What’s even worse, Hola will retain all of this information for “as long as necessary.”
This is not a service you want to entrust all your personal data with.
Hola VPN was founded by Ofer Vilenski and Derry Shribman under the company name Hola Networks Limited, based in Israel.
The product was launched in 2012 and gained traction in January 2013 when it shot up from 80 downloads a day to 40,000 overnight.
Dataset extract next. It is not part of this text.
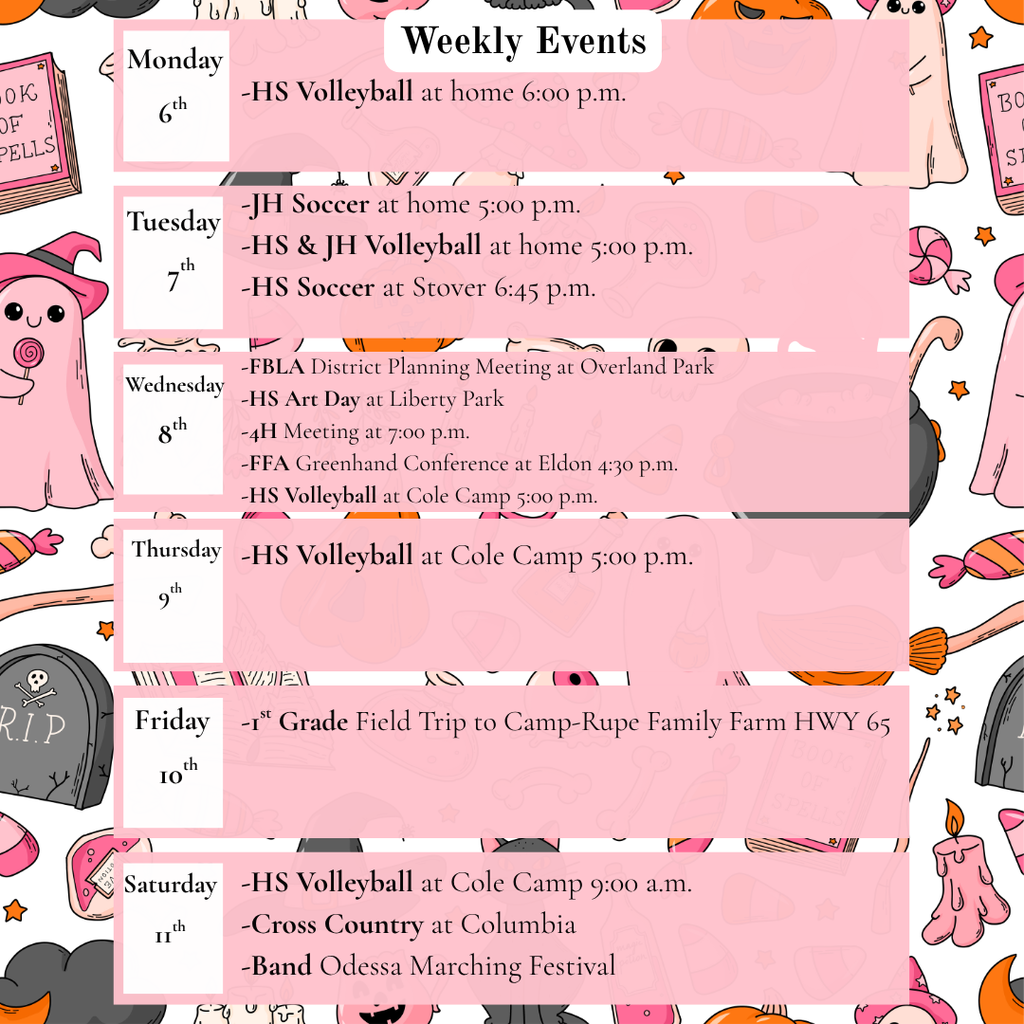 Weekly Events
It’s backed by top investors DFJ, Trilogy, Magma, Horizons Ventures, and Orange.
Before Hola, Vilenski and Shribman started up Jungo, a company used to develop and operating system for home gateways, which was NDS (Cisco) acquired for $107 million in 2006.
Hola Networks Limited provides a free consumer ‘VPN’ service, as well as a premium subscription and corporate service called Luminati.
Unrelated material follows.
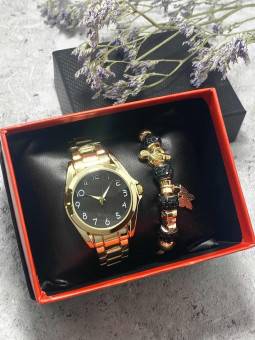 Набор женский: часы наручные и браслет арт. 1504907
Luminati uses free users’ bandwidth, which is charged per GB, without reimbursing the free user – something that has sparked criticism among cybersecurity professionals.
Thankfully, this is now clearly advertised when you download the app.
So what actually is Hola VPN and how does it work?
It’s a peer-to-peer overlay network that employes peer-to-peer caching and routing for quick access to blocked content.
What does that mean in plain English?
Users of Hola VPN essentially throw their IP address into a pool of IP addresses for other users to use as they please.
When you use Hola VPN, your internet traffic is routed through other peers (called nodes), but it’s not encrypted.
While some users may be using Hola VPN as a website unblocker, there’s no way to stop others using your IP address to access unlawful content.
Free users also share their ‘idle resources’ (WiFi and cellular data) with the network, which means that Hola VPN doesn’t incur underlying operational costs.
Hola VPN defines ‘idle’ as “the device is not using battery but is connected to electricity; no mouse or keyboard activity has been detected; and the device is connected to the internet.”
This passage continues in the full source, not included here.